Tad put a hand on the door and closed his eyes. Mercy stirred, staring at the floor and moving closer to Adam, away from the wall. Adam could smell her unease, and he put his arm around her. Her feelings were clearly written on her face, too - and she'd never have shown fear to anyone if she could have helped it. She watched the walls as if something dangerous were crawling up from the floor beneath them.
"Whatever they did to her is more than just following orders," Adam said.
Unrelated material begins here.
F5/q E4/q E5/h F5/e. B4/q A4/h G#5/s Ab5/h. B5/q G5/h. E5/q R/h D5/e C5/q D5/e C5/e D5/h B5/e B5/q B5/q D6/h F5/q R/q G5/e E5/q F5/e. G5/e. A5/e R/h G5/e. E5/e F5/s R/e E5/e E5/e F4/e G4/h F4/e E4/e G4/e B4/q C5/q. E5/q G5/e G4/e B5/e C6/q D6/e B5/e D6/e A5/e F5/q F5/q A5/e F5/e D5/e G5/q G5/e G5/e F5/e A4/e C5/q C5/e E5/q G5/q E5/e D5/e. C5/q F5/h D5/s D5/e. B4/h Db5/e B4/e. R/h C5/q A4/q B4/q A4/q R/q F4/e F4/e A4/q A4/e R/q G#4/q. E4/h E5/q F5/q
"Yes," agreed Tad, his hand still on the door. "I think it steals her will. That way, she'd answer questions, follow orders - and not try to hide it when something scares her. It's okay, Mercy," he told her when she took another step back from him. "This is old magic, but it knows me, and it won't hurt anyone here and now."
"Carefully worded for a fae who doesn't have to tell the truth," said Asil.
Tad turned to the old wolf coolly. "I am always careful with the truth. It is a powerful thing and deserves respect."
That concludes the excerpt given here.